И, помолчав, перевозчик добавит:
– Это он про наш тихий Дон всеми миру объявил. Его книги на всех языках по земле ходят. А дом этот ему советская власть построила. И орденом наградила. За народное дело. А до того времени жил он в домишке сереньком, неприглядном, одним словом, неподходящем.
Невысок, коренаст. Скромный френч, сапоги. Гладко зачесанные назад светлые волосы. Неторопливые движения. Негромкая чуть застенчивая речь человека, который не любит выступать перед большой аудиторией. Лицо чрезвычайно обычное, почти безбровое. Мягкий с усмешечкой рот. Ясный лоб.
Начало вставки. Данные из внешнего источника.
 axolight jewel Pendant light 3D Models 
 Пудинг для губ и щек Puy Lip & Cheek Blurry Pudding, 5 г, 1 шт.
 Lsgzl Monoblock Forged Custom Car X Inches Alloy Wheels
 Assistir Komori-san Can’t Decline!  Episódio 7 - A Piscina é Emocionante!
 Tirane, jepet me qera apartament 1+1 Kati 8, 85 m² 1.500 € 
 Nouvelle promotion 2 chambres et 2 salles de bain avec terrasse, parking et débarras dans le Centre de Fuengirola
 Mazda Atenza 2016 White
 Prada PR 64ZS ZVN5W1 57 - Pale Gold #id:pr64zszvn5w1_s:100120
Медленный взгляд.
Неохотно рассказывает Шолохов о себе, о своем творческом пути.
Начнешь расспрашивать, а он отмахнется:
– Читайте лучше мои книги, они вам про меня больше скажут!
Дважды в 1931 году я заходила к Шолохову домой. Он руководил литературным кружком при редакции вешенской газеты «Большевистский Дон». Надо было договориться с ним о плане работы1.
Вошла в его рабочий кабинет. Чисто. Светло. Книжные шкафы вдоль стен. Стол. Пара кресел.
На полу – раскиданы кучи книг. Среди них восседает младенец лет полутора и с величавым равнодушием расшвыривает книги в разные стороны.
Михаил Александрович с улыбкой наблюдает за сыном.
Вдруг мальчик хватает одну из толстых книг, кладет ее себе на коленки и радостно лопочет, хлопая по обложке с портретом седобородого лобастого старика.
Шолохов поднимает одну из далеко отброшенным сыном книг, смотрит на заглавие, потом смотрит на седобородого. И начинает заразительно смеяться.
– Молодец, сын! Вкус имеешь. Кидай прочь отцовскую писанину! Вот так, вот так! Подальше! Зато Толстого цени, люби, сынок. Это писатель!
Скромность – замечательная черта, органически присущая Михаилу Александровичу. Она пронизывает его внешность, одежду, речь, поступки.
В литкружке нашем было народу немного, большинство селькоры, только что начавшие писать в газету свои первые очерки, фельетоны.
Михаил Александрович поставил работу кружка не стандартно. Ему хотелось тесно связать теорию с практикой, беседы о мастерстве и творчестве кружковцев.
Вспоминаю его доклад о Чехове как о мастере новеллы. Это был скорее не доклад, а задушевная беседа о любимом писателе.
Михаил Александрович делился с нами своими мыслями о величайшем русском новеллисте, советовал учиться чеховской краткости, меткости изложения, блестящей динамике сюжета.